Still and all, can we make one comment on this (apparent) editing? There is no indication to the viewer--none at all--that any editing has been done to this phone call. When Nightline superimposes a transcript of Mrs. Hubbell's remark on the screen, they present no ellipsis at any point to tell the viewer that words have been omitted. The same is true of the disgraceful edits of Lisa Myers on NBC May 1 (see yesterday's DAILY HOWLER); although Myers makes deep, horrendous cuts in the tapes--cuts which profoundly change their meaning--she never uses ellipses to tell her viewers that edits have been made at all. Neither Myers nor Nightline use any visual cues to tell the viewer that words are omitted.

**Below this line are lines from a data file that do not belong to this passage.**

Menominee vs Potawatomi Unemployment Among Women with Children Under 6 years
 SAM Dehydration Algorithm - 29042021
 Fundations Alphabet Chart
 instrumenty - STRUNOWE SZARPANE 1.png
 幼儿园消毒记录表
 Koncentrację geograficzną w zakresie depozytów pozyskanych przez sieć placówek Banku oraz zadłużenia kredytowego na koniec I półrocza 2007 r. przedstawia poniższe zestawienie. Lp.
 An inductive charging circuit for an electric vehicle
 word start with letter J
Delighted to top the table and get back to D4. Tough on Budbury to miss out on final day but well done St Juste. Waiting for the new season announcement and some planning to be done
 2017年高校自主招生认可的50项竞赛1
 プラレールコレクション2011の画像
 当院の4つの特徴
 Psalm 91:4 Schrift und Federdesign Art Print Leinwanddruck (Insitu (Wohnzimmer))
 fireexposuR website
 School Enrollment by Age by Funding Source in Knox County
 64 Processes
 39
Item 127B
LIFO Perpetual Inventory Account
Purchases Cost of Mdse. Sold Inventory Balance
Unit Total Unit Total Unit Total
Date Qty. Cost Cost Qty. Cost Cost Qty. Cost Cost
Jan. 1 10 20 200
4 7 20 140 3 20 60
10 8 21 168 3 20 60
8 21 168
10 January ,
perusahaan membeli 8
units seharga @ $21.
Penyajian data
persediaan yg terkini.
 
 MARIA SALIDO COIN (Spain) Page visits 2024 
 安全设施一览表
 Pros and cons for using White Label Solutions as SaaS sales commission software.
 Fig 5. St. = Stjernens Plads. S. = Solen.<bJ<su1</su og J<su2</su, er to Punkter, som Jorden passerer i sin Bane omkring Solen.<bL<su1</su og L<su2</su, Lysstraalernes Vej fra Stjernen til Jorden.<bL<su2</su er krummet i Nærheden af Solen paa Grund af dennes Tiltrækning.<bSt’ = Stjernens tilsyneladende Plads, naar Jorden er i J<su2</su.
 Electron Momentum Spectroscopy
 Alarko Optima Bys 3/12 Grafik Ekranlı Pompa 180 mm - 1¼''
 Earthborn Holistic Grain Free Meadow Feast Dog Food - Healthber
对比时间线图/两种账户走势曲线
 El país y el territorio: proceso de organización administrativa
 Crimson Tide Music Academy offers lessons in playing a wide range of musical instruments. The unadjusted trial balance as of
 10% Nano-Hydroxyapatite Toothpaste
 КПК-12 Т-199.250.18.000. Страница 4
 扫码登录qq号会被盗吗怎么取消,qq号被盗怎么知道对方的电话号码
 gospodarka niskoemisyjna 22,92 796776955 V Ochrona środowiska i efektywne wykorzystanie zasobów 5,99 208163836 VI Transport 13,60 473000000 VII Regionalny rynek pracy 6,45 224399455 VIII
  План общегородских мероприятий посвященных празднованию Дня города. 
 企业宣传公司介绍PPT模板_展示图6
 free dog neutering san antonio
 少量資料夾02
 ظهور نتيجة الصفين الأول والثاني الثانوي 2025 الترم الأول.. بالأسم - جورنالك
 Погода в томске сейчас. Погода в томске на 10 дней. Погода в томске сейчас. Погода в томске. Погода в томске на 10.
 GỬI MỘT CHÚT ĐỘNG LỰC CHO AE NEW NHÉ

Let's state here what is painfully obvious, with regard to the use of the ellipsis: this is a scholarly requirement that is taught to eighth graders, for which ninth graders are routinely marked down. Your high school students know better than this! You know--those high school students whose academic ineptitude the national press corps loves to discuss? But here are Nightline, The Today Show, and NBC Nightly News--all covering a story that involves possible impeachment--and they feel free to edit the Hubbells' words, without ever once telling their viewers they've done so, in the manner so standard that high school students would know that it must be done.
Does the reader wonder why we roll our eyes at the basic procedures of the national press? It's not as if this is some minor story. It actually matters who is the United States president; it actually matters if a president is impeached. But here are the networks handling documents as if they're dealing with pro wrestling press releases.
By the way, because the edits involved changed the sense of these tapes, they would have been inappropriate edits even with ellipses; one is not allowed to edit words at all, if the sense of a passage is altered. But the genial innocence of even the simplest scholarly requirements that Myers and Bury display in this work--well, I guess we should be thankful they use punctuation at all! Are there shirt-and-shoes rules in the editing chambers? But at any rate, as we often say here at THE DAILY HOWLER--it's all just a part of we do love to call: "Life in this celebrity press corps."